DATA EXCERPTS:
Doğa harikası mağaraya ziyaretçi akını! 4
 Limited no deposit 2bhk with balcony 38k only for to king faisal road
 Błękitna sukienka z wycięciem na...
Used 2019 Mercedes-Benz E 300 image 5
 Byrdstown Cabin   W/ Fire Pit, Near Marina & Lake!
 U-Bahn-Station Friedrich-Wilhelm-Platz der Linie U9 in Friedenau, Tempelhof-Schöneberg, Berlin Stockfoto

TASK DIRECTIONS: Set down no line except those from the one with "Limited no deposit" to the last line of the data, inclusive, each exactly as written.

WRITTEN RESPONSE:
 Limited no deposit 2bhk with balcony 38k only for to king faisal road
 Błękitna sukienka z wycięciem na...
Used 2019 Mercedes-Benz E 300 image 5
 Byrdstown Cabin   W/ Fire Pit, Near Marina & Lake!
 U-Bahn-Station Friedrich-Wilhelm-Platz der Linie U9 in Friedenau, Tempelhof-Schöneberg, Berlin Stockfoto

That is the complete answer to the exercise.